The tone of that one word annihilated hope in Clarissa’s mind. She had pushed the question to its utmost limit, at all hazards of offending her father. What was it that her brother Austin had done to bring upon himself this bitter sentence of condemnation? She remembered him in his early manhood, handsome, accomplished, brilliant; the delight and admiration of every one who knew him, except her father. Recalling those days, she remembered that between her father and Austin there had never been any show of affection. The talents and brilliant attributes that had won admiration from others seemed to have no charm in the father’s eye. Clarissa could remember many a sneering speech of Mr. Lovel’s, in which he had made light of his son’s cleverness, denouncing his varied accomplishments as trivial and effeminate, and asking if any Englishman ever attained an honourable distinction by playing the piano, or modelling in clay.
“I would rather have my son the dullest plodder that ever toiled at the bar, or droned bald platitudes from a pulpit, than the most brilliant drawing-room idler, whose amateur art and amateur music ever made him the fashion of a single season, to leave him forgotten in the next. I utterly despise an accomplished man.”
Austin Lovel had let such speeches as this go by him with a languid indifference, that testified at once to his easy temper and his comfortable disregard of his father’s opinion.
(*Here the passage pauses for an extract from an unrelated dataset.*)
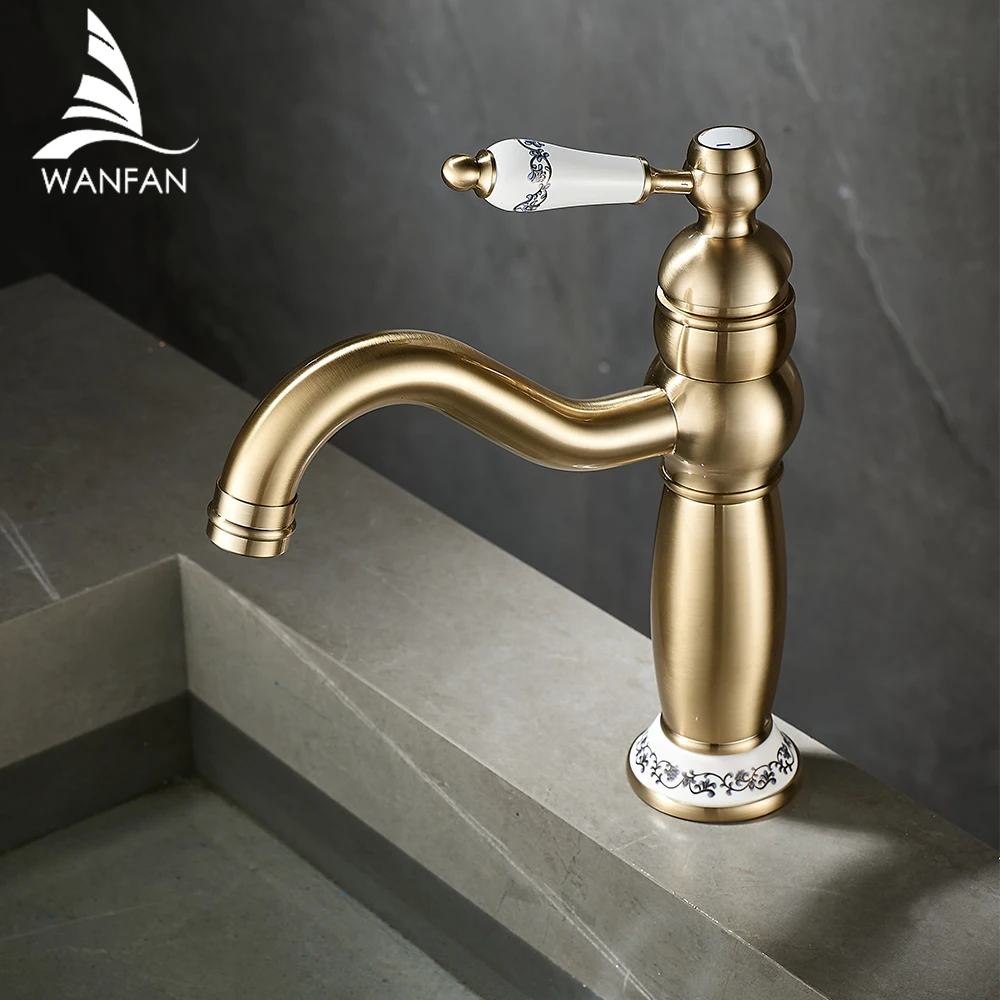 النمط الأوروبي العتيق ثقب واحد النحاس الرجعية صنبور الساخن الباردة مغسلة حوض صنبور مع صمام السيراميك الأساسية متر #2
He was fond of his little sister Clary, in rather a careless way, and would suffer her companionship, juvenile as she was at that time, with perfect good nature, allowing her to spoil his drawing paper with her untutored efforts, and even to explore the sacred mysteries of his colour-box. In return for this indulgence, the girl loved him with intense devotion, and believed in Him as the most brilliant of mankind.
Clarissa Lovel recalled those departed days now with painful tenderness. How kind and gracious Austin had been to her! How happy they had been together! sometimes wandering for a whole day in the park and woods of Arden, he with his sketching apparatus, she with a volume of Sir Walter Scott, to read aloud to him while he sketched, or to read him to sleep with very often. And then what delight it had been to sit by his side while he lay at full length upon the mossy turf, or half-buried in fern — to sit by him supremely happy, reading or drawing, and looking up from her occupation every now and then to glance at the sleeper’s handsome face in loving admiration.
Those days had been the happiest of her life. When Austin left Arden, he seemed always to carry away the brightness of her existence with him; for without him her life was very lonely — a singularly joyless life for one so young. Then, in an evil hour, as she thought, there came their final parting. How well she remembered her brother loitering on the broad terrace in front of Arden Court, in the dewy summer morning, waiting to bid her good-bye! How passionately she had clung to him in that farewell embrace, unable to tear herself away, until her father’s stern voice summoned her to the carriage that was to take her on the first stage of her journey!
“Won’t you come to the station with us, Austin?” she pleaded.
“No, Clary,” her brother answered, with a glance at her father. “He does not want me.”
And so they had parted; never to meet any more upon this earth perhaps, Clarissa said to herself, in her dismal reveries to-day. “That stranger in the railway-carriage spoke of his having emigrated. He will live and die far away, perhaps on the other side of the earth, and I shall never see his bright face again. O, Austin, Austin, is this the end of all our summer days in Arden woods long ago!”